Kemal Bey, 28 Mayıs’a giderken neyi değiştirebilecek?

Artık vaat edebileceği bir şey de kalmadı. Seçmen, Kılıçdaroğlu’nun vaatlerini bile Erdoğan’ın gerçekleştirebileceğine inandı.

Kılıçdaroğlu, Türkiye’nin bekası ile ilgili umut verici açıklamalar yapamayarak, HDP’ye, PKK’ya, FETÖ’ye beklenen tepkiyi gösteremedi. Millet, “Türkiye’nin bekası mı, patates-soğan mı?” ikileminde her zaman olduğu gibi, “Beka” dedi.

Şimdi sanıyorlar ki; Sinan Oğan kendilerini desteklerse, Oğan’a oy veren yüzde 5 gidip tıpış tıpış Kılıçdaroğlu’na oy verecek. Sinan Oğan da aslında yüzde 5’in parti tabanı, kemik kitle olmadığının farkında. Geleceğe dönük siyaset planlayan Sinan Oğan’ın destek açıklaması, oyların Millet İttifakı’na gitmesini sağlamayacağı gibi kendisini de siyaseten zora sokacaktır. Milliyetçilerin adayı olduğunu söyleyen Oğan, HDP’nin olduğu Masa'ya yönelirse, gelecekte oy isteyeceği milliyetçi, muhafazakâr tabana bunu izah edemez. Oğan’ın gelecekte siyaset yapacağı taban şu anki Cumhur İttifakı tabanıdır. Bu tabanla yollarını şimdiden ayırmak mantıklı bir tercih olmaz.

28 Mayıs’ta sonuç değişmeyeceği gibi, Erdoğan’ın oylarını artırarak seçileceği ortada. Peki neden?

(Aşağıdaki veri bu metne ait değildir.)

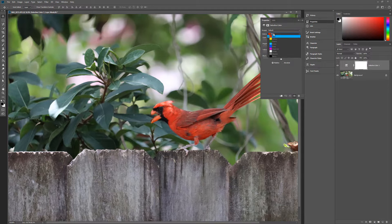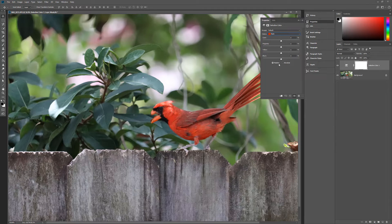For this example, I'll use the default color value of red to adjust the color of the bird in the image. Next, I can choose either Relative or Absolute for the method. Relative changes the existing amount of cyan, magenta, yellow, or black by its percentage of the total. Absolute adjusts the color in absolute values. For this example, I'll use the default setting of Relative.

Birincisi; Cumhur İttifakı, TBMM seçimlerini kazandı. Millet, Meclis’in Cumhur, başkanlığın Millet İttifakı'nda olmasının bu ülkeyi yönetilemez kılacağının farkındadır.

İkincisi: İlk turda sandığa gitmeyen milliyetçi, muhafazakâr seçmen bu kez sandığa gidecektir. Millet İttifakı’nda yer alan sağ partilerin seçmeni bu turda, yönetimde istikrar adına, daha fazla Erdoğan’a yönelecektir.

Üçüncüsü; cumhurbaşkanlığı seçimini, Millet İttifakı’nın alması durumunda yeni bir erken seçim kaçınılmaz hale gelecektir. Benim gördüğüm, millet artık seçim istemiyor. Bir an önce yeni hükümetin kurulmasını ve sorunların ortadan kalkmasını bekliyor.